Re: New graceful restart mechanism.

Posted by rb...@covalent.net.

> > +#ifdef AP_MPM_USES_POD
> > +static apr_file_t *pod_in = NULL, *pod_out = NULL;
>
> Please use a context structure rather than globals. That will allow us to
> create a POD on a per-thread basis. Then you'll have your desired
> functionality of a parent telling a child, "hey *you*. please stop."
>
> An MPM can also choose to use just one POD for all of its children, and
> signal it N times (like you did in this patch).
>
> You could also use one POD for graceful restart and one for shutdown (let's
> say that an MPM is built to reset its state, rather than expect to die/spawn
> a thread).

I disagree.  By using a simple global variable, we make it much easier to
use this in an MPM.  I had originally done exactly what you suggested, and
I found that the code that needed to be added to the MPM was more complex
than I wanted it to be.  This change makes the pod completely opaque to
MPMs.  If they want to use it some other way, then they will need to
re-write the pod stuff anyway, and they can change the prototype, or just
keep it internal to the MPM.

> > +AP_DECLARE(apr_status_t) ap_mpm_pod_open(apr_pool_t *p)
>
> AP_DECLARE(apr_status_t) ap_mpm_pod_open(ap_pod_ctx **ctx, apr_pool_t *p)
>
> Take a pool. Return an ap_pod_ctx *.
>
> Note that the ap_pod_ctx can also keep a pool so the other functions won't> need to accept one.

As I said above, I disagree.

> > +{
> > +    apr_file_t *pod;
> >
> > +    pod = apr_file_pipe_create(&pod_in, &pod_out, p);
> > +    apr_file_pipe_timeout_set(out, 0);
>
> "out" ... never heard of that variable. You sure you tested this? :-)

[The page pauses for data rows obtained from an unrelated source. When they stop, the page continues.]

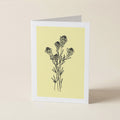 WS Block Proteas Yellow - Botanical Greeting Card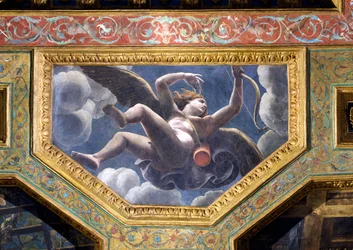 Cupid, ceiling caisson from the Sala di Amore e Psyche, 1528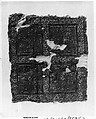 Square, Linen, wool; tapestry weave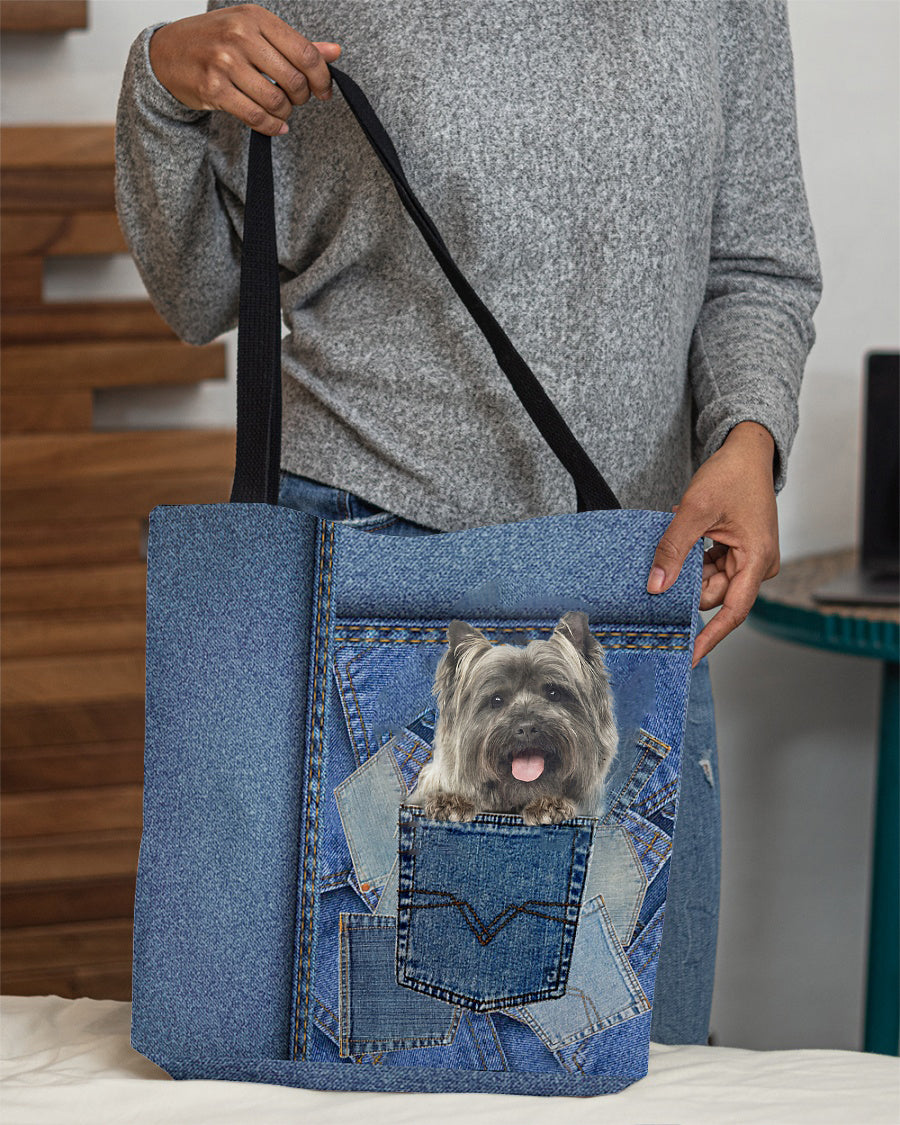 Cairn Terriers-in pocket2-Cloth Tote Bag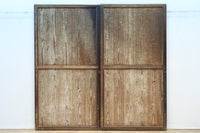 鷹と雉と梅の縁起良い板絵戸セット　F8593　在庫2枚1組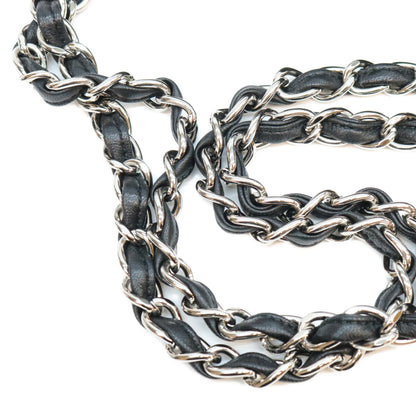 CHANEL シャネル 13番 黒 ラム シルバー金具 シングルフラップ デカマトラッセ34マキシ バッグ ショルダーバッグ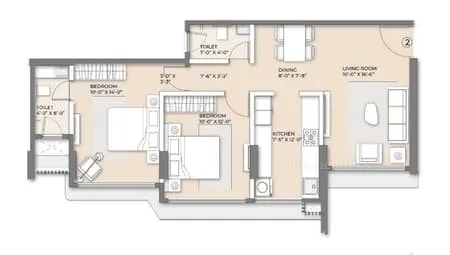 2 BHK Arkade Nest, Mulund West — for Sale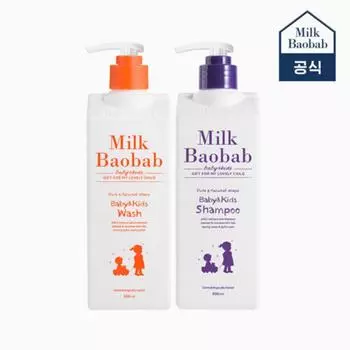 Молочко Baobab Baby & Kids Wash 500мл + Шампунь 500мл, 1 шт.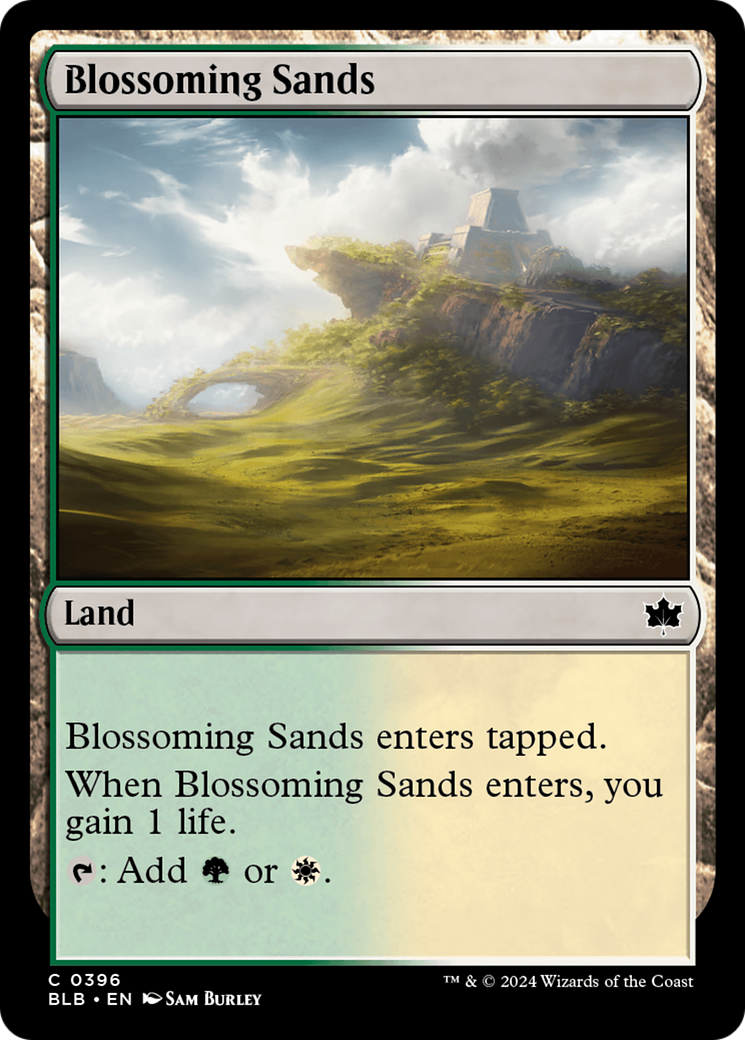 Blossoming Sands [Bloomburrow] | Tables and Towers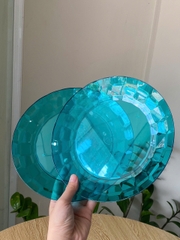 Tupmalay - Đĩa Nhựa 21cm Trong Xanh Min Tupperware Prism Plates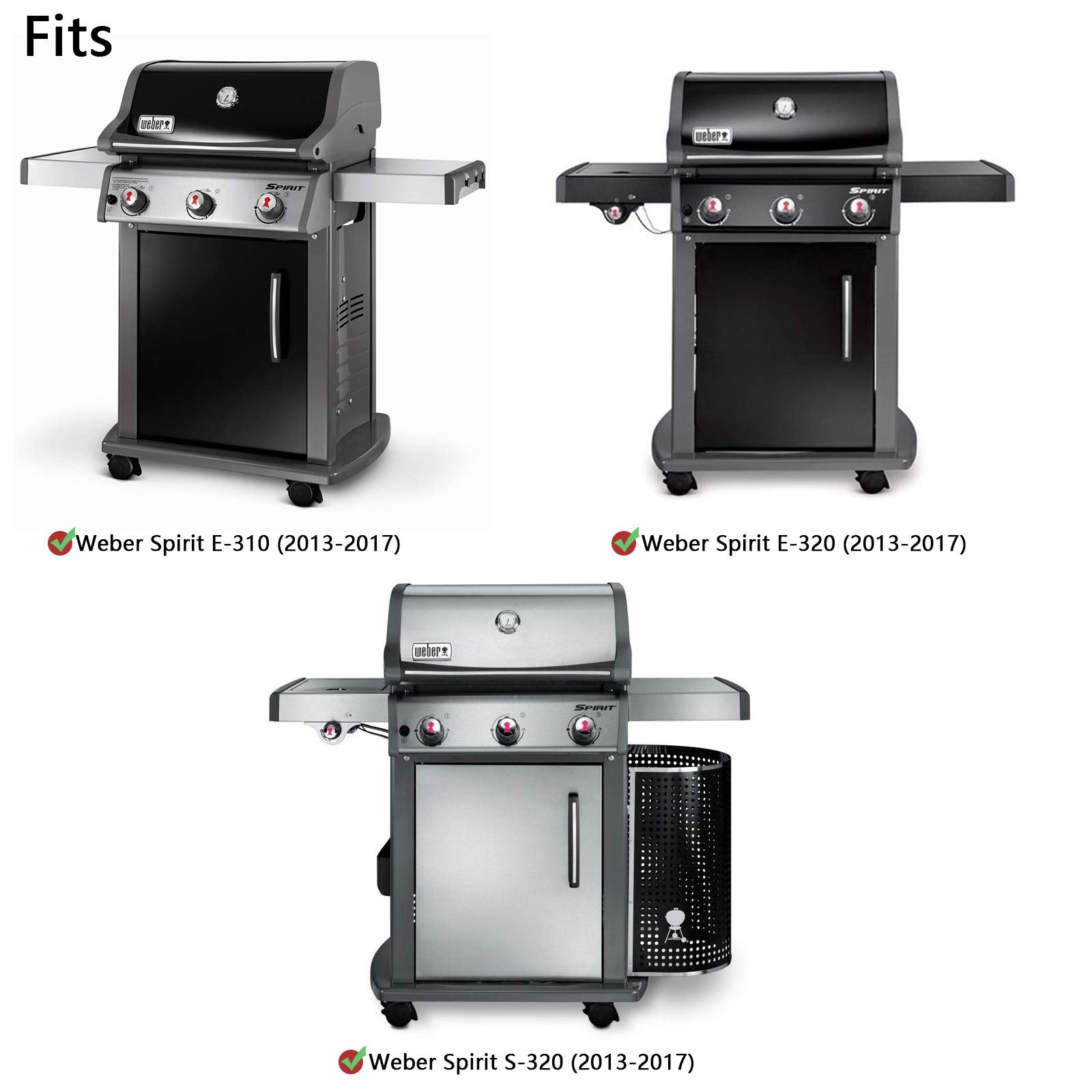 Hongso five-bar set laid flat to show shape and spacing, easy replacement and full coverage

Compiled and tested.  This function as it happens had all sorts of
problems that the compiler missed.  I have fixed them all now.

> > +{
> > +    char c;
> > +    apr_size_t len = 1;
> > +    apr_status_t rv;
> > +
> > +    rv = apr_file_read(pod_in, &c, &len);
> > +
> > +    if ((rv == APR_SUCCESS) && (len == 1)) {
> > +        return APR_SUCCESS;
> > +    }
> > +    return 1;
>
> "1" is not a legal apr_status_t value. I would recommend one of two things
> for this function:
>
> 1) handle all errors internally (logging and whatnot) and return a boolean
>    on whether the caller should continue/die.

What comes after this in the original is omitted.